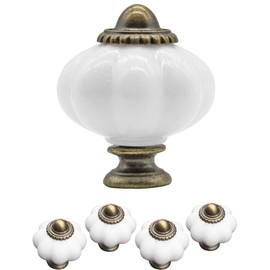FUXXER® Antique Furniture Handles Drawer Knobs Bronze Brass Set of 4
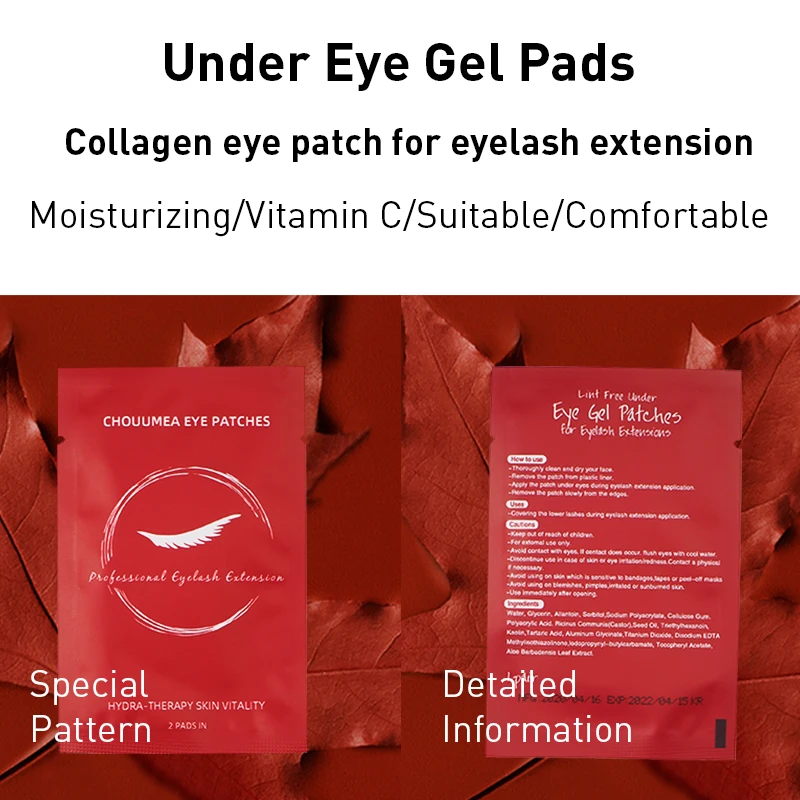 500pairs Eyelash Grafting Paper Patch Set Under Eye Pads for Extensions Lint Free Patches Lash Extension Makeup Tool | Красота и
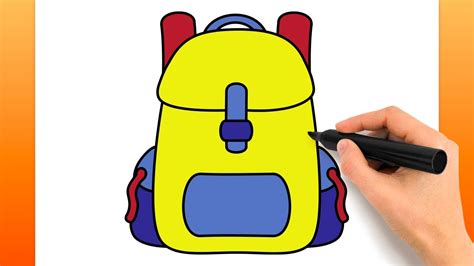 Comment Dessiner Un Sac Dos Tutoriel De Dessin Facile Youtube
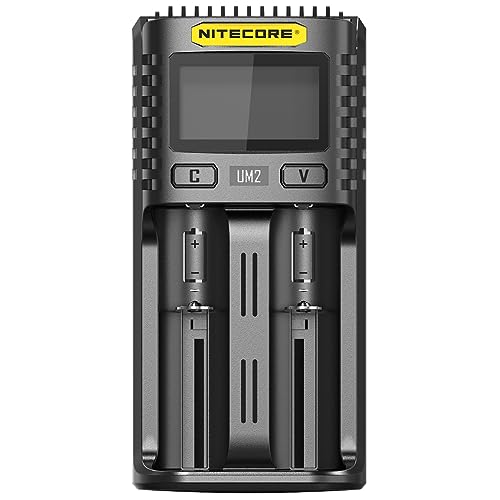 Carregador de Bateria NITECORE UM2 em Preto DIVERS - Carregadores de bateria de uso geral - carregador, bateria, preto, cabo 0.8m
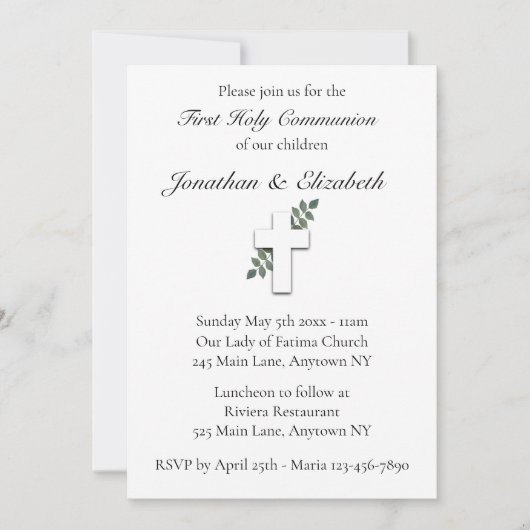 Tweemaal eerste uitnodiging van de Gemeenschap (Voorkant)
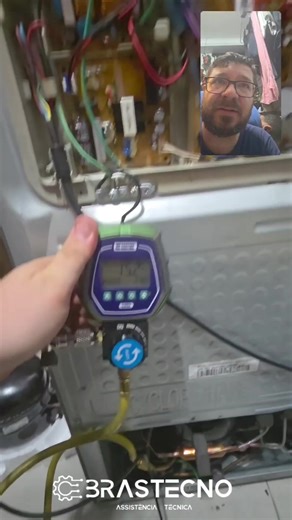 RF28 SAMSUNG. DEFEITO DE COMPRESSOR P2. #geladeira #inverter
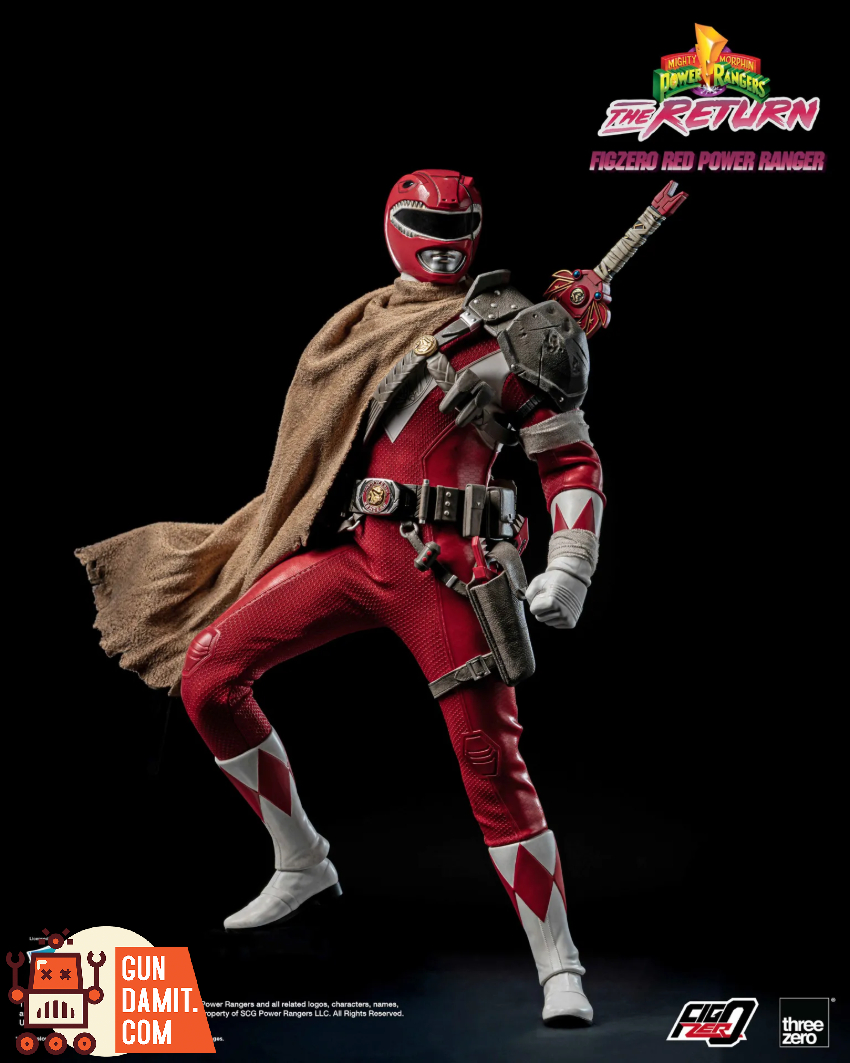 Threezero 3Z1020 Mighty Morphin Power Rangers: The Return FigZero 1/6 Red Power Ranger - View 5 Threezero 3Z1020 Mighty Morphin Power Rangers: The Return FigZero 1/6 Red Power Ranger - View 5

PROMPT
Would you please copy, exactly and only, the lines from the one with "Carregador de Bateria" through the end of the entries above, skipping every picture?

TASK SOLUTION
 Carregador de Bateria NITECORE UM2 em Preto DIVERS - Carregadores de bateria de uso geral - carregador, bateria, preto, cabo 0.8m
 Tweemaal eerste uitnodiging van de Gemeenschap (Voorkant)
 RF28 SAMSUNG. DEFEITO DE COMPRESSOR P2. #geladeira #inverter
 Threezero 3Z1020 Mighty Morphin Power Rangers: The Return FigZero 1/6 Red Power Ranger - View 5 Threezero 3Z1020 Mighty Morphin Power Rangers: The Return FigZero 1/6 Red Power Ranger - View 5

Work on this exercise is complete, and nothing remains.